§ **WORK REQUIRED**
Word for word, restate the lines of the data below between those holding "Actos de todo" and "Tory Burch 7.5 black flats 🖤", inclusive; pictures do not belong in the copy.

§ **TASK DATA**
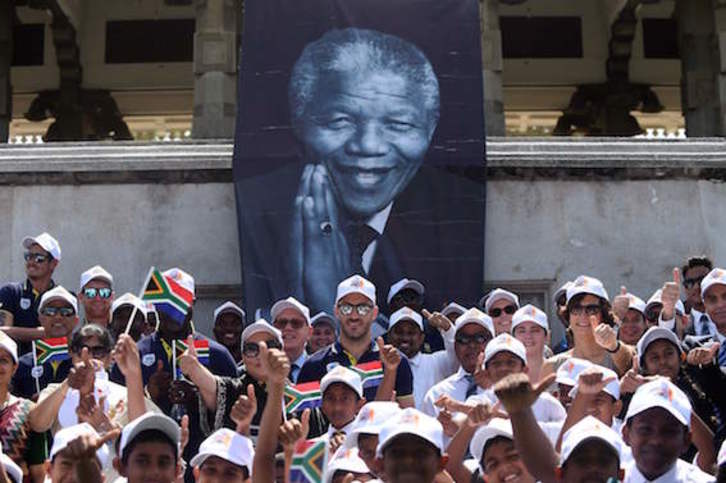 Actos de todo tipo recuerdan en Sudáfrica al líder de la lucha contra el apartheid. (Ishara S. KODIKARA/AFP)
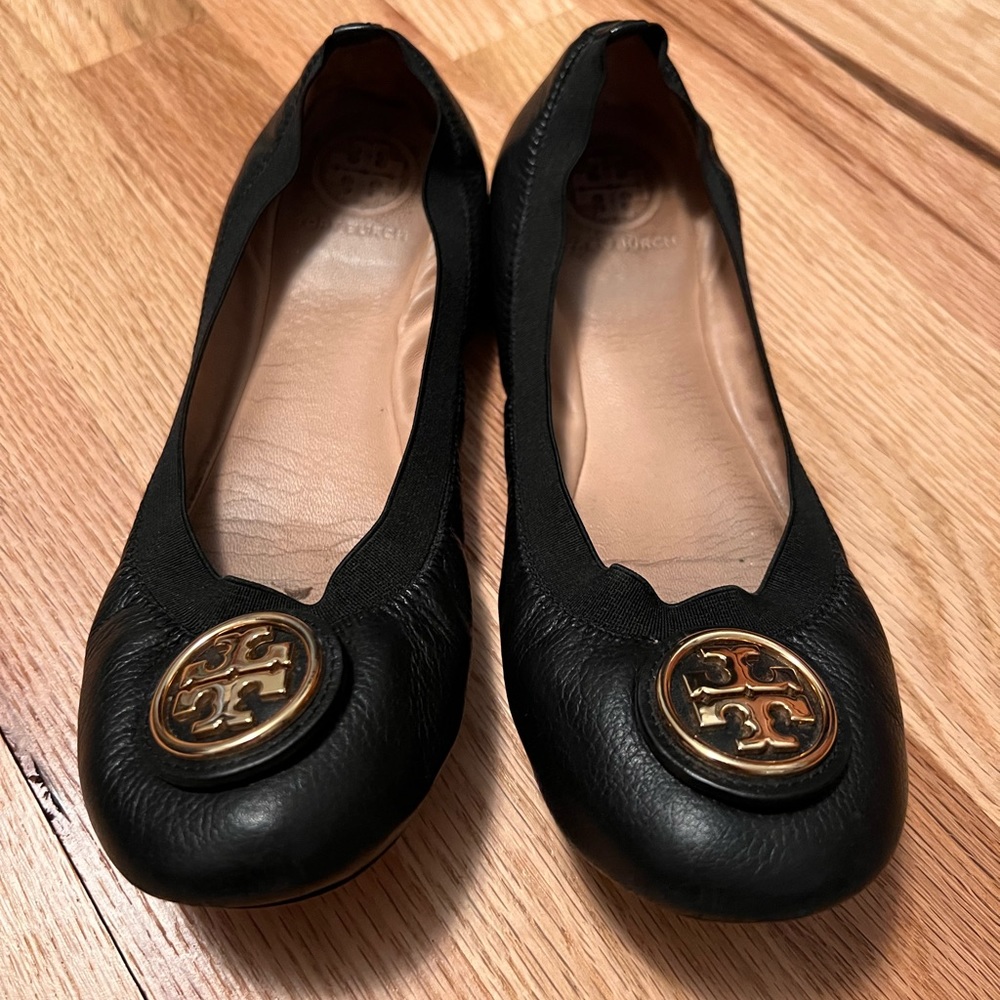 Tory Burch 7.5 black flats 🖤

==

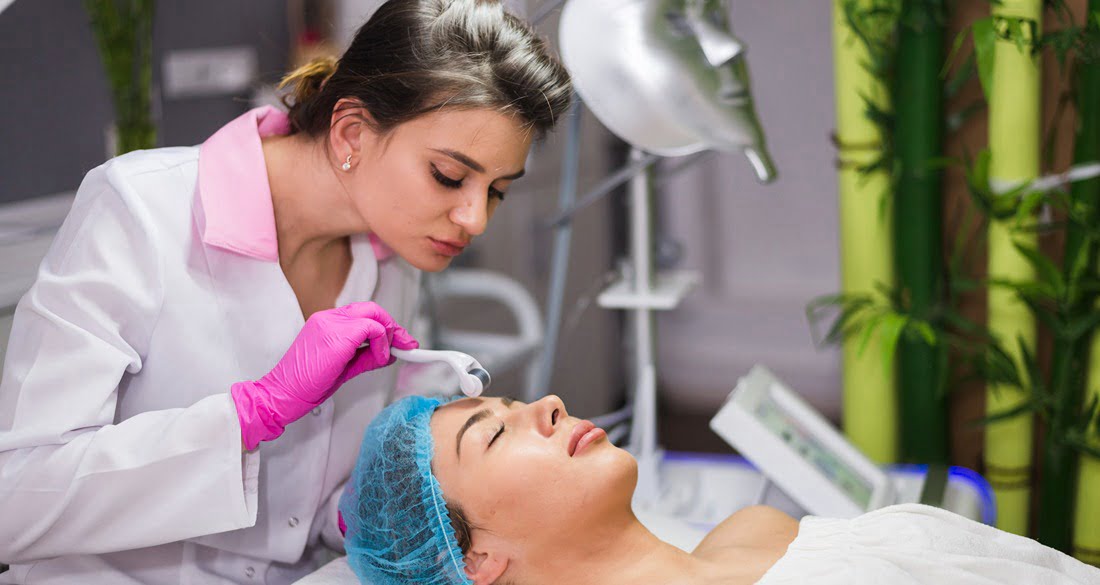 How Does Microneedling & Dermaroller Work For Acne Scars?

§ **OUTPUT OF THE TASK**
 Actos de todo tipo recuerdan en Sudáfrica al líder de la lucha contra el apartheid. (Ishara S. KODIKARA/AFP)
 Tory Burch 7.5 black flats 🖤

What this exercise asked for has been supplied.